Starting with the line that contains "COCCINELLE Leder-Kosmetiktasche in", copy each line exactly through the end of the listing, and omit all pictures.

◇ ◇ ◇

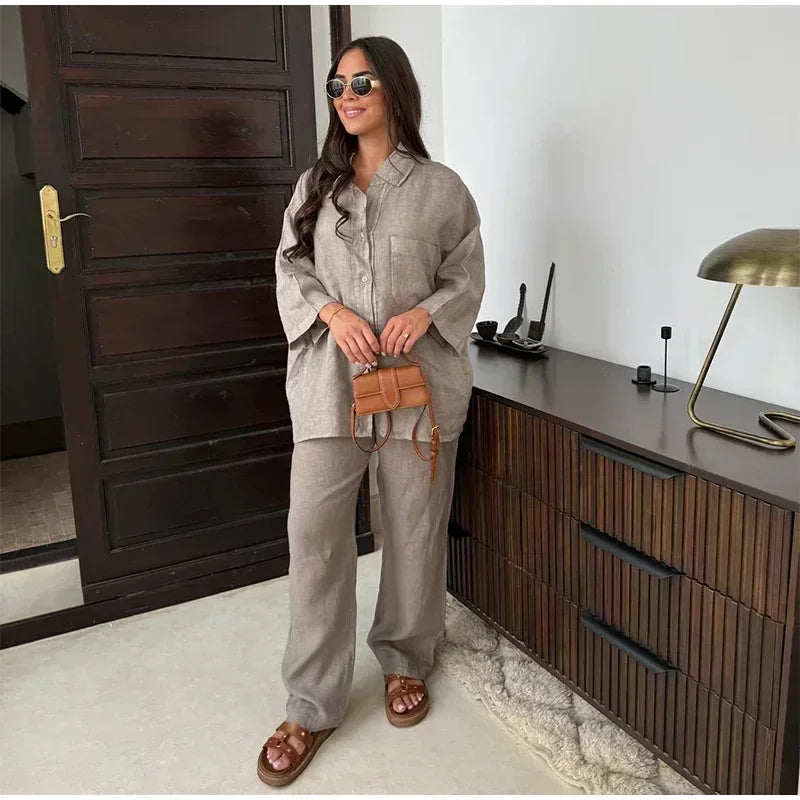 Women Vintage Solid Loose Pants Suit Lapel Single Breasted Long Sleeve Shirt Wide Leg Pants 2 Pcs Set 2025 New Ladies Streetwear.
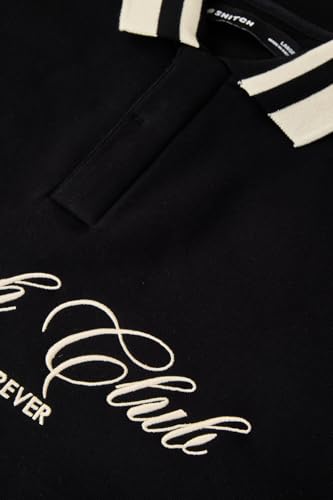 Image of SNITCH Men's Sweatshirt | Oversized Fit Pullover with Embroidered Logo & Contrasting Striped Polo Collar | Stylish Polyester Cotton Blend Casual Wear
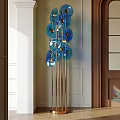 Modern Floor Lamp With Blue Glass Discs And Metal Stand For Interior Decor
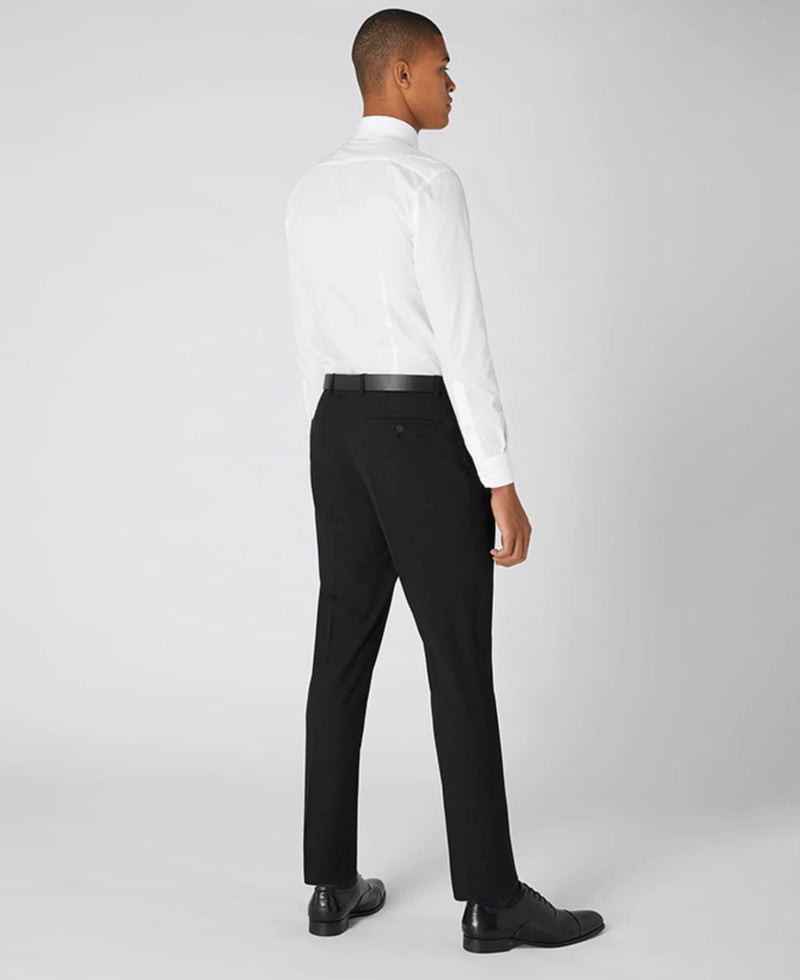 Remus Uomo Tapered Fit Formal Trousers Black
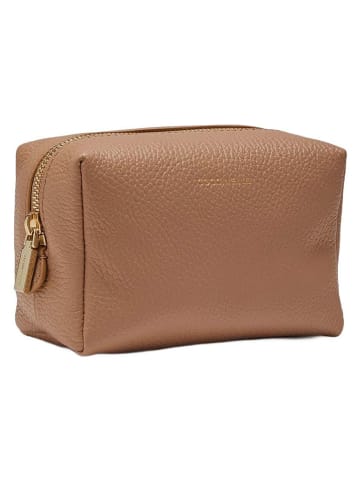 COCCINELLE Leder-Kosmetiktasche in Hellbraun - (B)15 x (H)10 x (T)8 cm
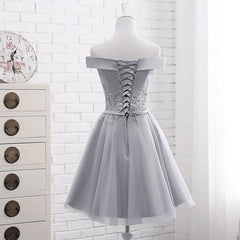 Simple Off Shoulder Grey Tulle Applique Bridesmaid Dresses, Knee Length Formal Dress, Party Dresses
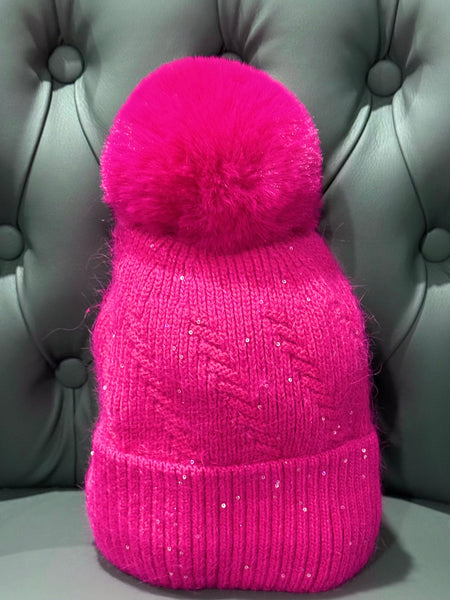 Fluffy Pom hat -Fuchsia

◇ ◇ ◇

YOUR RESPONSE:
 COCCINELLE Leder-Kosmetiktasche in Hellbraun - (B)15 x (H)10 x (T)8 cm
 Simple Off Shoulder Grey Tulle Applique Bridesmaid Dresses, Knee Length Formal Dress, Party Dresses
 Fluffy Pom hat -Fuchsia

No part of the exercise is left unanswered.